Задачу выполнять не пришлось. С наступлением темноты немцы оставили позиции. Мы выстроились на дороге в походную колонну и двинулись следом.
Я не знаю, кто вел колонну на этот раз – капитан Каченко или кто-то другой. Я спал всю дорогу.
Пятый удар
1944 год ознаменовался серией сокрушительных ударов Красной Армии, к этому времени полностью овладевшей инициативой. Освобождение Белоруссии и Литвы последовало в ходе операции, названной ударом пятым{5}. На западе 6 июня союзники высадились в Арденнах – наконец-то был открыт второй фронт!
Участок мы заняли правее автомагистрали Москва – Минск, километров двадцать северо-восточнее Орши. Орша – в руках неприятеля. Поблизости населенных пунктов нет. Ориентировались по большому торфяному болоту с пометками на карте – Осинстрой и Ласырщики. От немногих дворов, составлявших Осинстрой и Ласырщики, не осталось видимого следа, местность казалась совершенно безлюдной, но от осевших в блиндажах и окопах чужеземцев велся методический огонь. Мы не рисковали ходить открыто.
Наблюдательные пункты на глинистом косогоре значительно выше болота, но и они на сыром месте. На глубине метр-полтора начинала сочиться вода, заливая окопы. Вода вычерпывалась и сливалась за бруствер. В траншеях сухой ногой не пройдешь. Но не везде – мой НП на сухом месте.
* * *
Передний край посещался большим начальством.
Под комбинезонами цвета хаки выделялись жесткие погоны, на головах фуражки с золотыми кокардами. Это генералы. Офицеры не носили тогда кокард, а на фронте и фуражек, считавшихся признаком щегольства.
Посетители ходили по тем же траншеям, что и мы, подвергались одинаковым опасностям. По-человечески трудно сохранять хладнокровие под огнем, неся в памяти многое из того, чего не знали простые солдаты.
Промышленность огромного континента по обе стороны фронта поставляла всякие виды средств уничтожения, которые стреляли, рвались, вздымали землю. Теоретические расчеты штабов, справки и карты с нанесенной обстановкой здесь обретали зримую осязаемость, реальную угрозу всем, кто попадал в зону их действия. Штабные выкладки дополнялись яркой картиной увиденного и прочувствованного за короткие часы посещений.
У немцев из недалекого тыла стреляло орудие большого калибра. Это была гаубица или мортира.
– Опять трамвай полетел, – говорили в окопах.

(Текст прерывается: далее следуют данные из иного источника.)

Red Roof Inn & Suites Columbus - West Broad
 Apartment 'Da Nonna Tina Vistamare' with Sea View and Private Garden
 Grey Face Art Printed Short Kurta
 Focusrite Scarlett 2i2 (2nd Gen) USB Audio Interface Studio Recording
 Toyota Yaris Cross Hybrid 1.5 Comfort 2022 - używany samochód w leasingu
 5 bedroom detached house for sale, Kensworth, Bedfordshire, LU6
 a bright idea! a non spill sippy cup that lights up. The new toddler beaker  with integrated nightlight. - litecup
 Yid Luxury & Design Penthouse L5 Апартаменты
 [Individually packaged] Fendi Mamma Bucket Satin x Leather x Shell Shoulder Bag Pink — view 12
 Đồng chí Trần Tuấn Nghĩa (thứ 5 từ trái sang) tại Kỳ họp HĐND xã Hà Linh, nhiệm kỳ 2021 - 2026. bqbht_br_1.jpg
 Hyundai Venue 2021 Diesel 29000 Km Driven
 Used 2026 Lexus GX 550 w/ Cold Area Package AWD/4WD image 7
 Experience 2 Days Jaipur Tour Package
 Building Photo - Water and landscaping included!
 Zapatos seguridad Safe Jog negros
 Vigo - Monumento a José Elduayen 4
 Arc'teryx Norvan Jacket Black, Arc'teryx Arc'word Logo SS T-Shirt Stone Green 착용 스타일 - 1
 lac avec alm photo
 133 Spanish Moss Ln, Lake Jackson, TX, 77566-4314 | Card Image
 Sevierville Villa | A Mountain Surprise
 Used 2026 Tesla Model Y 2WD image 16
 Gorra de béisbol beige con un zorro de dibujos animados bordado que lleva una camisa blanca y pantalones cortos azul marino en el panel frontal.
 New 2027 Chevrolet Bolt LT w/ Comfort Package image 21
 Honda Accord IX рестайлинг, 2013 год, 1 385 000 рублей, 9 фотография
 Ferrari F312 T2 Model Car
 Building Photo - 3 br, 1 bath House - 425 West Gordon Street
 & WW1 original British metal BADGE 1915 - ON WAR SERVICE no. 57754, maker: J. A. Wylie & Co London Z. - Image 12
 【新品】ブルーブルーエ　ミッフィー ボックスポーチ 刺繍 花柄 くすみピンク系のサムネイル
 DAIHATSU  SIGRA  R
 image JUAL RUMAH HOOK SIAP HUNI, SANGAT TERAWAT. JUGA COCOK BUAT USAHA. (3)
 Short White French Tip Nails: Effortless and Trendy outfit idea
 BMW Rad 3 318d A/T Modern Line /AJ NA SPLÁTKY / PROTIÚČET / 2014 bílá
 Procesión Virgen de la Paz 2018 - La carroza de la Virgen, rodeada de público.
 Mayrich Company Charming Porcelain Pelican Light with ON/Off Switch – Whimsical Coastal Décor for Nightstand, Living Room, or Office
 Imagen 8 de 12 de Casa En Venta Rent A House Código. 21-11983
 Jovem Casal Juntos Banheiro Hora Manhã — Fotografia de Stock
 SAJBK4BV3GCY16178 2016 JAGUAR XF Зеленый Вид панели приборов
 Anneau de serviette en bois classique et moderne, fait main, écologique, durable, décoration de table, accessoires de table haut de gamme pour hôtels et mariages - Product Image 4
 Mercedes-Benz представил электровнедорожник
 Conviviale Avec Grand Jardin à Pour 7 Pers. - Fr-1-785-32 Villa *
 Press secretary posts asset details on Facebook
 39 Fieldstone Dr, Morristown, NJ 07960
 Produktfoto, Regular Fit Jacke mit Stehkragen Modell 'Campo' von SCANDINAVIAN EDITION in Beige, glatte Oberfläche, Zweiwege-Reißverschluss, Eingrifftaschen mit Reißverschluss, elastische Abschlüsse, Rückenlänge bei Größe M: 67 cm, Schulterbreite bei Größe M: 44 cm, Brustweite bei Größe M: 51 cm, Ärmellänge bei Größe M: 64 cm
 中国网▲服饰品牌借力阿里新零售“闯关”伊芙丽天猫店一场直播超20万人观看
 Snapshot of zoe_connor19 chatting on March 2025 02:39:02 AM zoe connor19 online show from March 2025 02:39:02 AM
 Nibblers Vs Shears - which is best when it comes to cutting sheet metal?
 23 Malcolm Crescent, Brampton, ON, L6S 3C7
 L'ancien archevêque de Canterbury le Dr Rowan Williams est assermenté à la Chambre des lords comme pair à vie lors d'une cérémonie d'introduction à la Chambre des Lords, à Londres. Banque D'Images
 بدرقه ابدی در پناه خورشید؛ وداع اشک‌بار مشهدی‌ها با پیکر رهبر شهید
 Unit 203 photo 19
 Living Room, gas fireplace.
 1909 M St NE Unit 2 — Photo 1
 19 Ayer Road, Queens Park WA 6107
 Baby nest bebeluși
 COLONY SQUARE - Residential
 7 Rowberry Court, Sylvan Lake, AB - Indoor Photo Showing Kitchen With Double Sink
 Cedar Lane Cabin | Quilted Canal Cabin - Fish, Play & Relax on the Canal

Снаряды неведомого нам калибра выворачивали воронки глубиной до двух метров и походили на те, что оставляли после себя крупные авиационные бомбы.
Одна большая воронка неподалеку после прошедших дождей заполнилась водой. Воды много и в землянках, но эта – чище, хотя и мутна от глинистого раствора. Ее использовали для умывания и других нужд. Ни ручьев, ни колодцев поблизости не было, а болото – на пятьсот метров вправо – было сомнительной чистоты.
Какой-то солдатик из пехоты, как предполагали мы потом, был подстрелен у воронки и плашмя упал в нее. Раненый, он захлебнулся, наверное. Солдатские ботинки и ноги в потемневших обмотках погрузились в глинистое ложе воронки, постепенно исчезли в ее глубине. Еще долгое время брали оттуда воду, пока не показались подошвы солдатских ботинок. Посещение этого водоема прекратили.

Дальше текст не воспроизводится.